(ASSIGNED TASK): Each line in the material below, starting at the one with "Fréjus- splendide villa" and ending at the one with "Photo of set Jabu.", is to be reproduced exactly; no picture is to be copied.

==== ENTRIES SUPPLIED ====

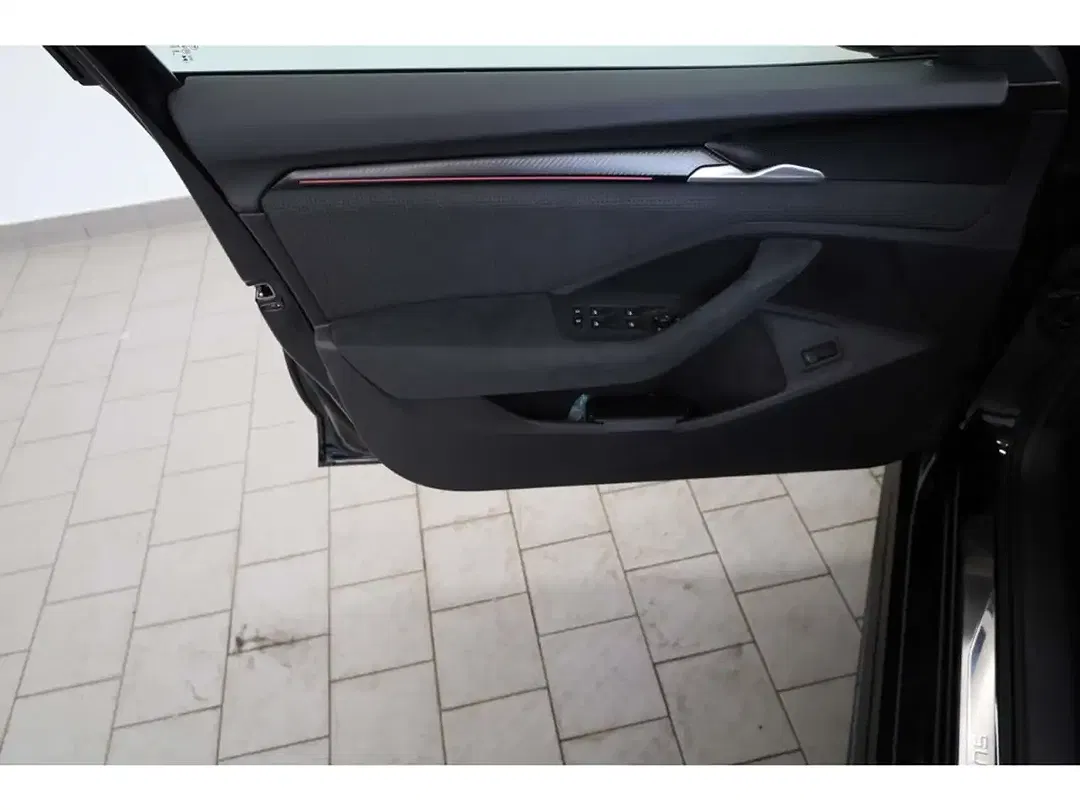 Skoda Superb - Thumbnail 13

====
==== ENTRIES SUPPLIED ====

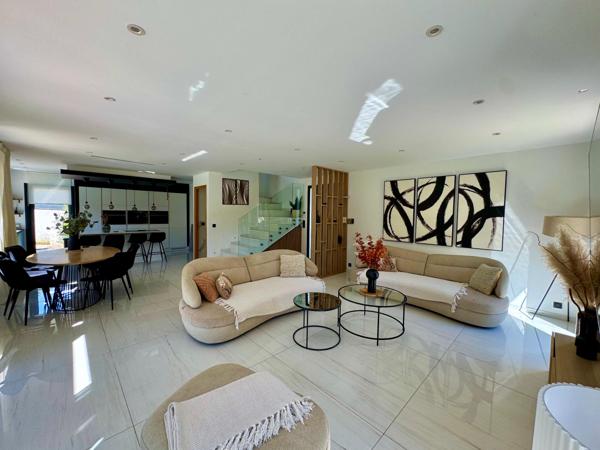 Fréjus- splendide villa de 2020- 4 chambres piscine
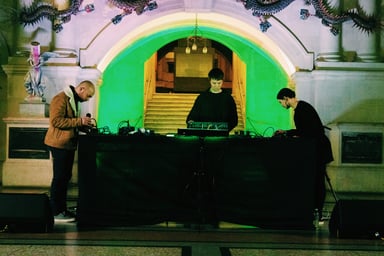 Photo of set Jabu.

====
==== ENTRIES SUPPLIED ====

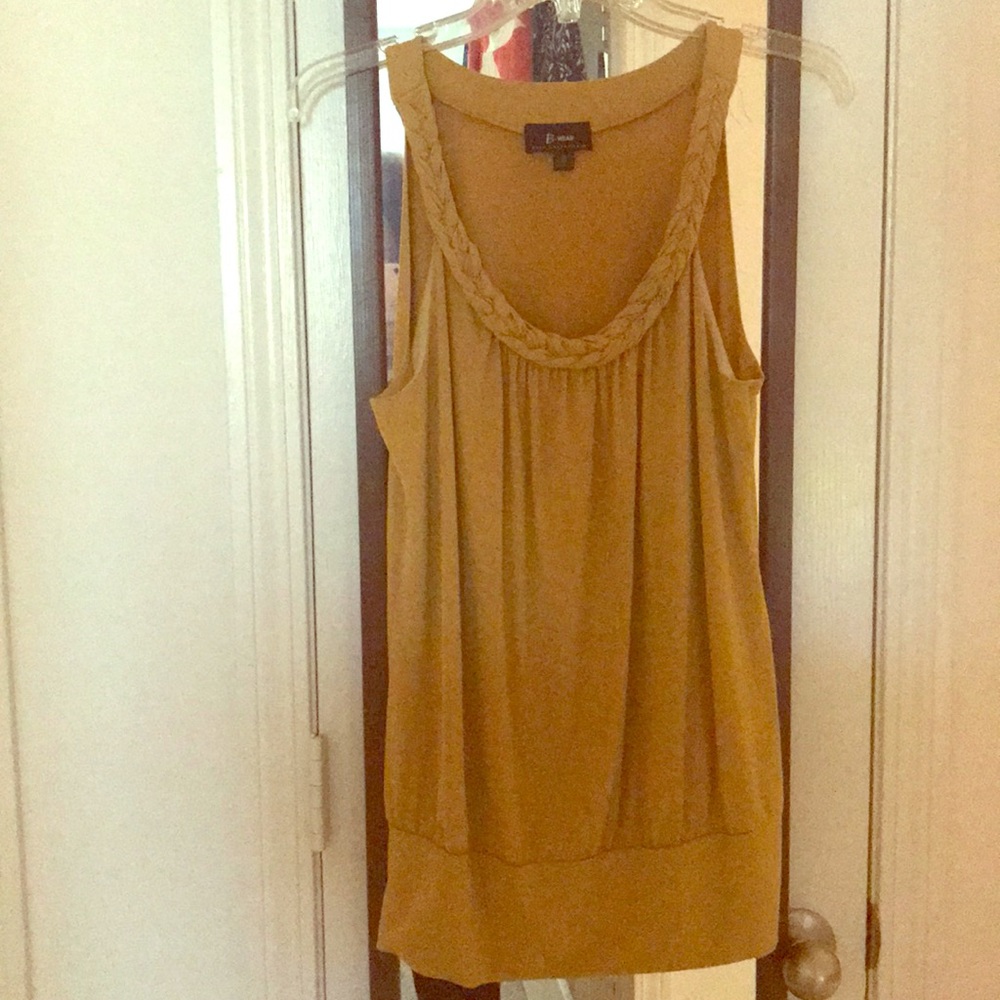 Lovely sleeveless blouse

====

(RESULT OF THE EXERCISE):
 Fréjus- splendide villa de 2020- 4 chambres piscine
 Photo of set Jabu.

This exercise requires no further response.